Retail sectors down in June
Non-store retailers -2.4%
Grocery stores -1.6%
All food/beverage stores -1.2%
Building material/garden stores -0.3%

But the numbers from June don't come close to taking us back to the pre-COVID world of retail. Several brick-and-mortar retailers were still down between 10 and 30% compared to where they were in June, while the Amazon-type retailers, Menard's-type stores and grocers continued to benefit from higher sales to people that still were still staying in more than they were at the start of 2020.



This is before COVID re-emerged as widespread as ever, and caused more cutbacks and shutdowns in these depressed sectors across several states. I have no reason to think those sectors grew in July (except for maybe gas stations, and only because the price of gas has gone up), and these charts indicate the two-tier economic reality that has gotten much worse in America since March.

If you make most of your money in offices and by trading paper, you have likely been able to continue in your job with few disruptions to your income. You may even be better off, given the Bubbly stock and home markets. But if you work a job that requires a physical location, particularly a low-wage restaurant or store clerk job, you are working in a much more stressful environment due to higher exposure to COVID...if you're even working at all.

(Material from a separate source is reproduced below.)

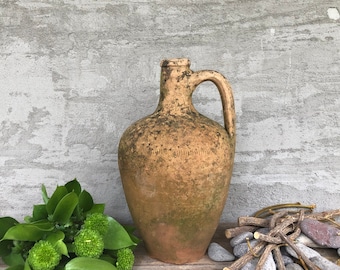 Antique Vessel, Primitive Clay Pot, Wabi-Sabi Décor, Rustic Mediterranean Olive Oil Amphora, Vintage Earthenware, Old Vase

And yet, it's the office jobs and corporations that have gotten the bigger bailouts to this point, with a major cliff of cutoffs looming for the groups of people that have gotten the short end of the stick. The retail situation and the worsening COVID outbreak that's happened since then underscores the need for these depressed businesses and their workers to get more assistance from Congress ASAP. Or else many more jobs are going to go away in these sectors, and a lot of retail space/tax base is going to get vacant in a hurry.